Dr. Raymond Wightman, Leiter der Einrichtung für Mikroskopie am Sainsbury Laboratory der Universität Cambridge, sagte: „Wir haben einige der berühmtesten Bäume der Welt analysiert, wie den Riesenmammutbaum, die Wollemie-Kiefer und sogenannte „lebende Fossilien“ wie Amborella trichopodadie einzige noch existierende Art einer Pflanzenfamilie, die als erste noch existierende Gruppe getrennt von allen anderen Blütenpflanzen entstand.
„Unsere Untersuchungsdaten haben uns neue Einblicke in die evolutionären Beziehungen zwischen der Nanostruktur des Holzes und der Zellwandzusammensetzung gegeben, die sich zwischen den Linien der Angiospermen und Gymnospermen unterscheidet. Die Zellwände der Angiospermen besitzen im Vergleich zu Gymnospermen charakteristische schmalere Elementareinheiten, sogenannte Makrofibrillen, und diese kleine Makrofibrille entstand nach der Divergenz von der Amborella trichopoda Vorfahr.“
Lyczakowski und Wightman analysierten auch die Zellwand-Makrofibrillen von zwei Gymnospermen-Pflanzen aus der Familie der Gnetophyten:Gnetum gnemon und Gnetum edule – und es wurde bestätigt, dass beide eine sekundäre Zellwand-Ultrastruktur aufweisen, die mit den Hartholz-Zellwandstrukturen der Angiospermen identisch ist.
Dies ist ein Beispiel konvergenter Evolution, bei der die Gnetophyten unabhängig voneinander eine hartholzartige Struktur entwickelt haben, die normalerweise nur bei Angiospermen vorkommt.
Die Umfrage wurde durchgeführt, während das Vereinigte Königreich im Jahr 2022 unter dem viertheißesten Sommer aller Zeiten litt.
„Wir glauben, dass dies die größte Untersuchung von Gehölzen sein könnte, die jemals mit einem Kryo-Elektronenmikroskop durchgeführt wurde“, sagte Wightman.
„Eine so umfangreiche Untersuchung von frischem, hydratisiertem Holz war nur möglich, weil sich das Sainsbury Lab auf dem Gelände des Botanischen Gartens der Universität Cambridge befindet. Wir sammelten alle Proben im Sommer 2022 – wir sammelten sie am frühen Morgen, froren die Proben in ultrakaltem Stickstoff ein und bildeten sie dann bis Mitternacht ab.
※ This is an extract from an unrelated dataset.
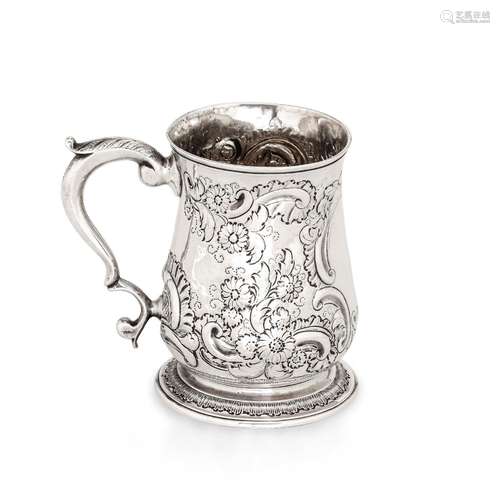 Mug. Argento fuso, sbalzato e cesellato. Londra 1749. Marchi...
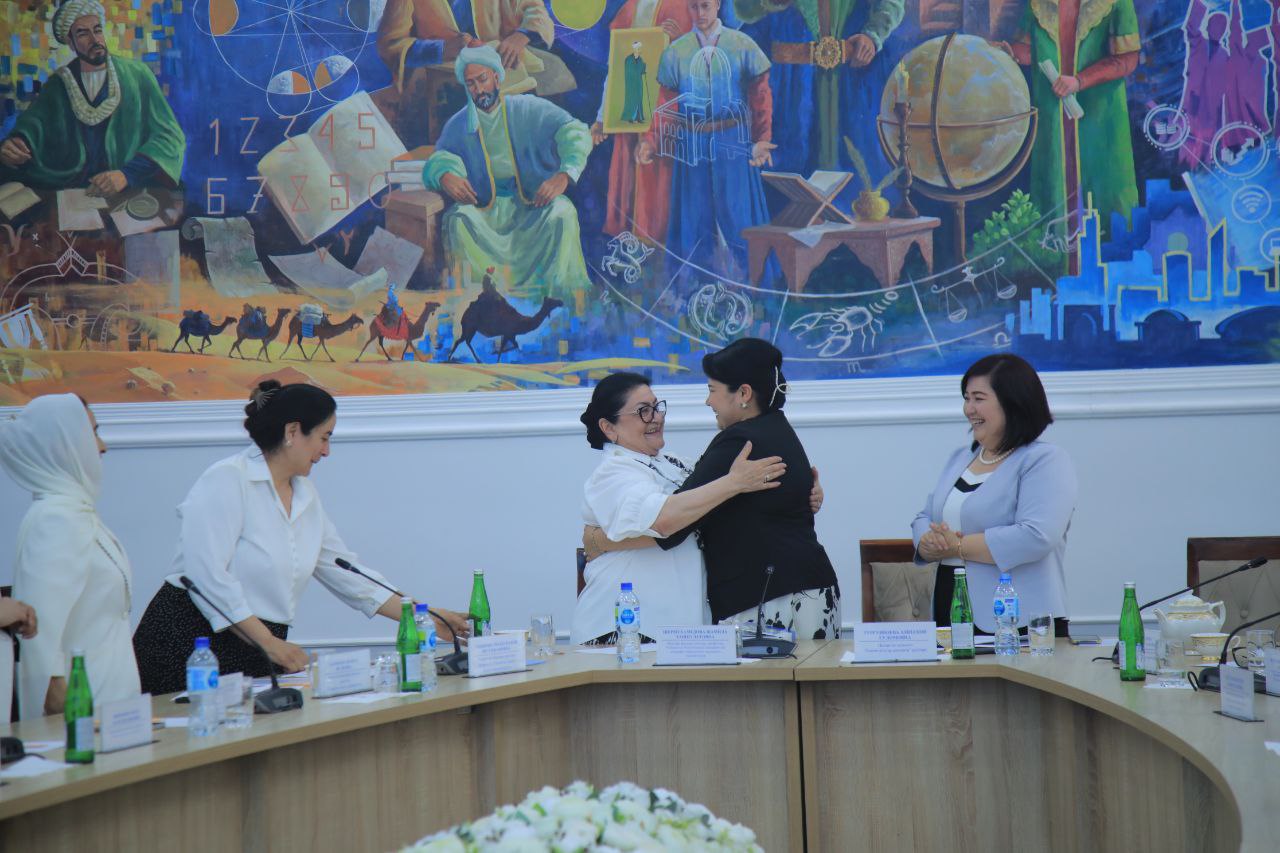 AYOL VA JAMIYAT: YANGICHA QARASH, YANGICHA NIGOH, YANGI MAQSADLAR SARI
„Diese Forschung veranschaulicht den anhaltenden Wert und Einfluss, den botanische Gärten auf die moderne Forschung haben. Diese Studie wäre nicht möglich, ohne eine so vielfältige Auswahl an Pflanzen aus der gesamten Evolutionszeit, die alle zusammen am selben Ort in den Sammlungen des Botanischen Gartens der Universität Cambridge wachsen.“
Mehr Informationen:
Jan J Lyczakowski und Raymond Wightman, Konvergente und adaptive Evolution führte zu Veränderungen der sekundären Zellwand-Ultrastruktur in heutigen Linien von Samenpflanzen, Neuer Phytologe (2024). DOI: 10.1111/nph.19983
Alle Kryo-SEM-Bilder der Holzuntersuchung sind öffentlich verfügbar in diesem Mendeley-Repository.